In the opinion of Trey Roski, an original co-founder of Bots, “Discovery is the TV network where BattleBots has always belonged.” Discovery doesn’t have the cash or the draw of ABC but it has something else: an audience smarter than the general public that is legitimately interested in nuanced, nerdy programming. “This is a sport for smart people,” adds Roski, echoing Liebling, “it’s the place to show off your imagination, your engineering prowess, and art.” Imagination is not something you’ll often find on ABC, and nor for that matter are engineering prowess or art.

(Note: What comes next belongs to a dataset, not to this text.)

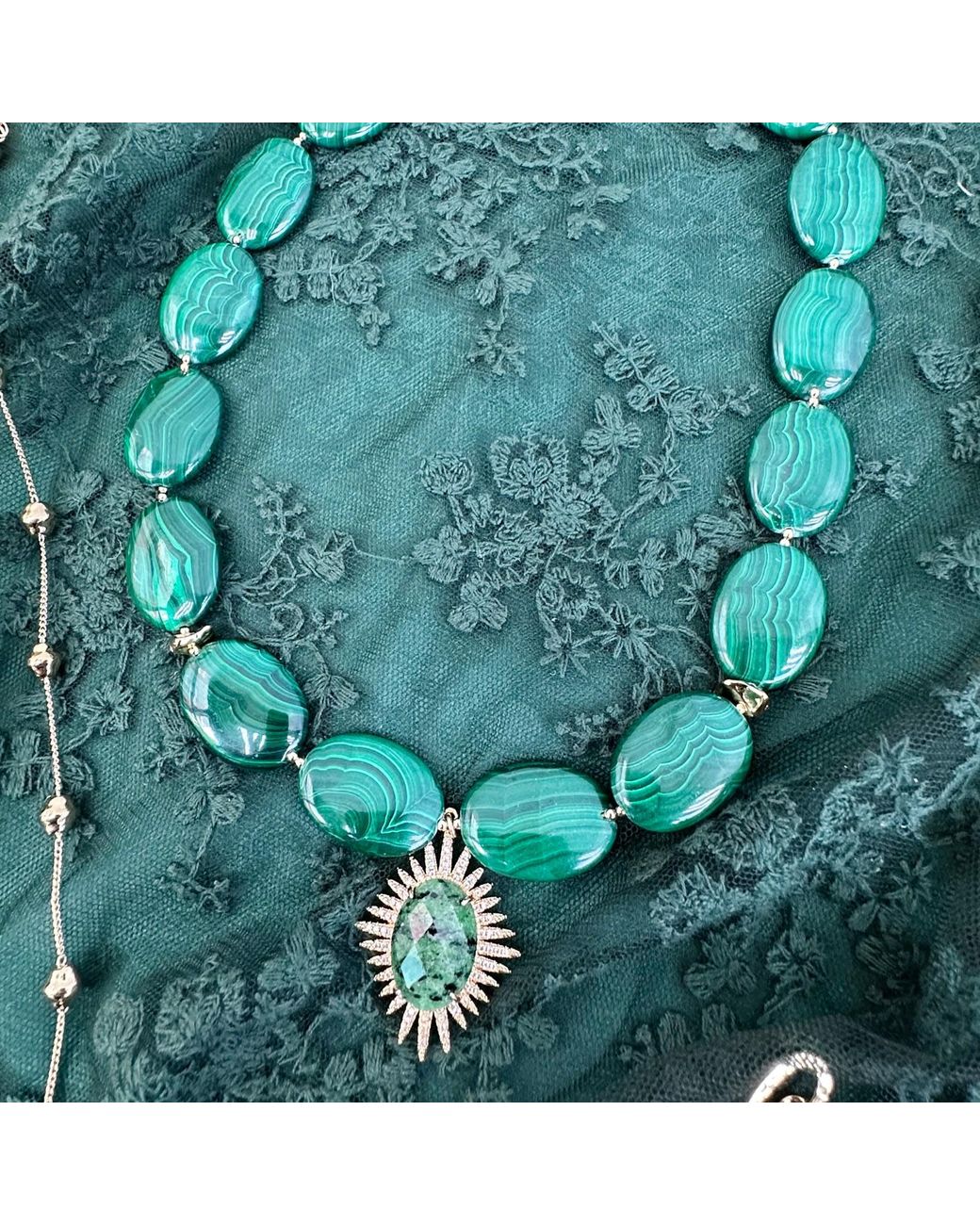 Farra Green Oval Malachite With Gemstone Pendant Chunky Necklace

During Bots’ original run on Comedy Central in the early 2000s, its creators worried that the network built on jokes would turn their passion project into a joke as well. Though the show rated well on the strength of huge initial interest from a previously unengaged demographic, too many gimmicks crept in to retain these newcomers. The show included zany sketches between fights and adorned the broadcast with Super Hot Babes™ that made BattleBots less an expression of engineering passion than a copycat sideshow targeting mainstream sports fans. “The skits and the scantily clad women turned off a lot of the people who watched the show for the robots,” said Brett Dawson, builder of the bot “Mobius.” Such corporatization and homogenization was temporarily good for business but it wasn’t good for the sport itself. 

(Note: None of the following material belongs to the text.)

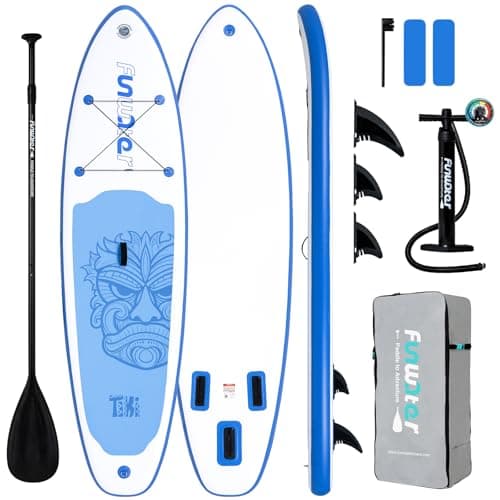 FunWater 10'6×33"×6" Inflatable Stand Up Paddle Board with Premium SUP Paddleboard Accessories,Adults & Youth for All Skill Levels, Included with Board, Paddle, Pump, Three Fins, Backpack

“In the last season or two [on Comedy Central], it became less of a sport and more of an entertainment vehicle,” agreed Greg Munson, one of the other Bots co-founders along with Roski. On Discovery and Science, there is no longer a mandate to turn BattleBots into something it isn’t, and while there’s no overt comedy quota, the show remains quite funny. The difference now is that the silliness is not derived from staged gags but rather from how seriously the stakeholders take the competition. BattleBots essentially asks highly skilled engineers to spend hundreds of hours and thousands of dollars building weaponized Roombas to capture “The Giant Nut.” That premise is funny enough on its own. Adding sketches only puts a hat on a hat.

The Giant Nut

Despite the show’s comfort on its new home, I’m sure the worry of selling out looms. I’d be surprised if the Battle Box weren’t wrapped in ads like hockey boards in the next season of the show and you can currently find plenty of merch on the show’s website. Still, it finally seems the stakeholders at the bot building level and the showrunning level have aligned. No longer do purist builders resent the commodification of their passion project and no longer are TV executives greedily trying to engineer an age of robot fighting monoculture. Things are good.
Back in the living room, our watch party braces for Faruq’s latest introductions. Outside observers would probably call our joy juvenile but like the show itself, we have stopped caring about what anyone else thinks of Bots. The only people who critique others for childish glee are those that have forgotten how fun it is. BattleBots is the only time I get to gather with like-minded, well-read idiots to ignore everyone else and focus on something that makes us all happy, even if it’s incredibly lame. Turning into an insane person to root for toaster ovens to win or lose me tiny sums of money is often the best part of my week and I accept that it is profoundly uncool. Where coolness rejects vulnerability, joy relies on it. The point is this: You should care about stupid things sometimes. Now put your money on the table, I’m betting the farm on Duck!.